TASK DETAILS
From the listing that follows, output everything exactly except the pictures.

GIVEN DATA
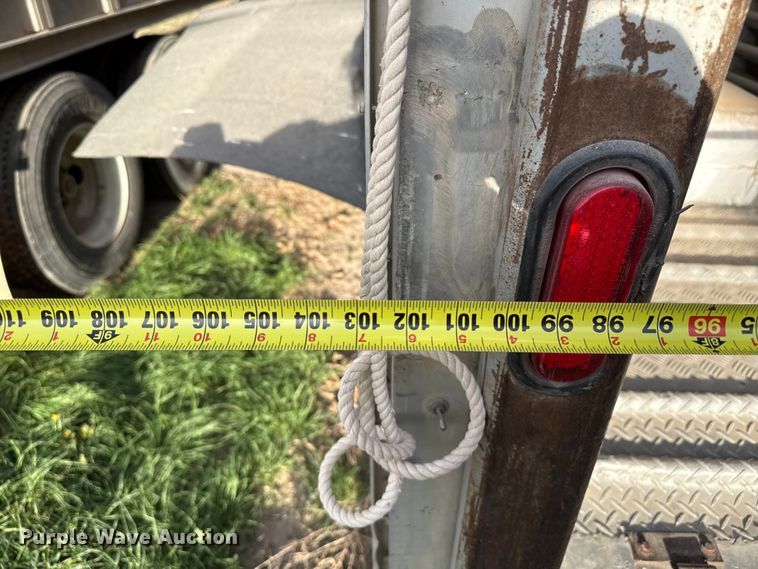 image for item DZ5379 2006 Barrett livestock trailer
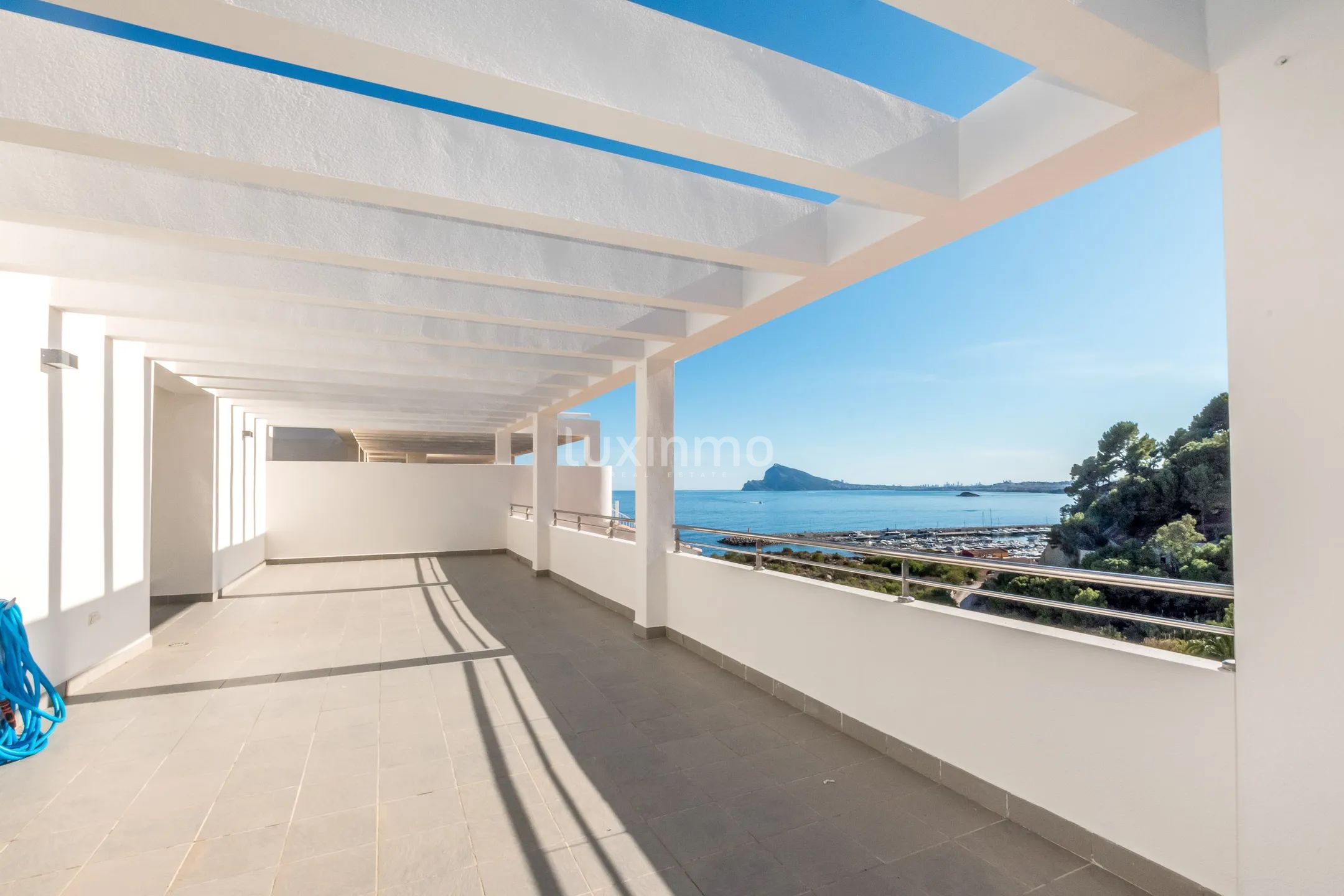 Precious penthouse with sea views for sale in Altea — photo 28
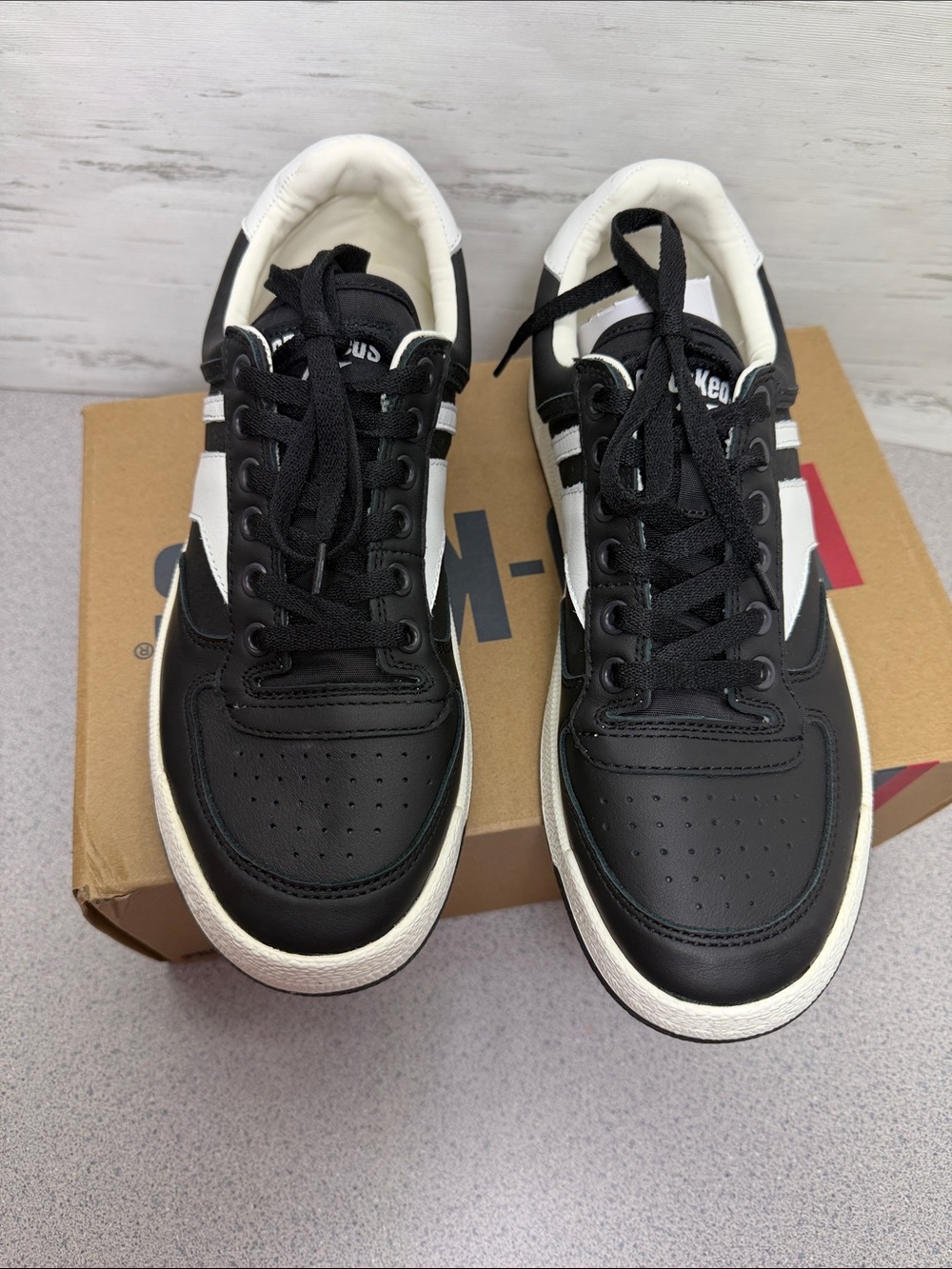 Men's Black and White Low-Top Casual Sneakers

RESPONSE TO THE EXERCISE
 image for item DZ5379 2006 Barrett livestock trailer
 Precious penthouse with sea views for sale in Altea — photo 28
 Men's Black and White Low-Top Casual Sneakers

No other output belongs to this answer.